We buy artichokes and bright pink lettuce from Sant’ Erasmo and walk to Gioia’s house near the Frari. As we go, she points out shops. There is the Casa del Parmigiano for cheese and cold meats and the Pasticceria Tonolo where I must go for fritole (doughnuts of all kinds: plain, with raisins, with cream, with cream and alcohol). She points out a greengrocer on a boat tied to a quayside. Her father, she says, had one just the same. She also shows me the native shops that have closed as the population leaves; most Venetian restaurants, she says, are not run or owned by Venetians anymore. They have been bought up by outsiders who serve bad food because it is cheaper, and they can.
Gioia’s home is immensely clean and dignified, as she is. It has a vast map of America in the hall, to welcome her guests. The table is already laid for lunch. Swiftly, in a spare white kitchen, she makes a tiramisù. She braises the cuttlefish and adds tomato passata, and makes a stock for the fish risotto. The risotto is superb; the tiramisù is the best I have had. And the cuttlefish from the lagoon? It is thick, tangy, filled with nutrients, and charismatic. It is also completely black.
Gioia sends me out with a list of restaurants — Ai Do Pozzi, La Zucca, Casa Cappellari— and bakers and ice-cream shops. On Sunday morning, I go to the Pasticceria Tonolo and find a queue of fifty Italians. That is my best advice for dining in Venice. If you find a queue of fifty Italians, join it.

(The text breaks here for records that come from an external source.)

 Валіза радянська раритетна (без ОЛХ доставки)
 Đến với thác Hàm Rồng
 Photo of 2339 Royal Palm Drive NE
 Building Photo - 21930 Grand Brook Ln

I buy sugared doughnuts filled with cream. I take them to St. Mark’s Square, and I am punished for it. I take one from the bag and take a bite. A seagull brushes gently into my head. He is phlegmatic and composed: a Venetian seagull. There is no need to attack me. A mere show of it will do. I drop it, and he eats my doughnut. It’s another tourist tax, and I do not resent it.
Gioia says the best restaurant in Venice is Osteria ai Do Pozzi in Castello, a residential district to the east of St. Mark’s Square. We find the restaurant, and it is entirely empty though, says the waiter, it is fully booked. Instead, we eat typical bad Venetian food, which is not Venetian food — the kind of chicken schnitzel you could use for murder — at an uncanny-themed restaurant with a vast painted mural of a witch for decoration.
We return to Osteria ai Do Pozzi the following night. The dining room is so understated I want to laugh at the irony and the rightness of it all: the walls and tables are mud brown. A waitress tells us what to eat. We eat, among Venetians and their babies, perfect mussels, a small and perfect lasagna, a bass from Chioggia with an eerie white polenta, then a wondrous, soft pistachio cake. We feel replete but alive, which is what a perfect meal will do, and we go to the Arsenale to look at the stone lions and wonder if a Venetian sculptor ever saw a lion.
I rise too late to meet the fishermen of Burano at their work. Still, I take the waterbus to this minute island of fishing and lacemaking. The houses are painted so brightly — in cerise pink, jade green, lemon yellow — they make the houses of Notting Hill look sullen. Jan Morris, who wrote the best book about Venice, said Burano looks like a stage set preparing to host a light opera. The harbor is likewise minute, as are the boats, stacked with gear for shellfishing. Everything here seems miniaturized.
We take the boat to Torcello, which was settled before the Rialto islands and became rich and was filled with palaces and churches. But no more: the canals silted up, the population was killed by malaria and the stones were loaded onto barges to build Venice itself. There is an extraordinary cathedral with a golden Madonna in mosaic, a field of olive trees, a vineyard and the Locanda Cipriani — the outpost of Harry’s Bar — which is closed.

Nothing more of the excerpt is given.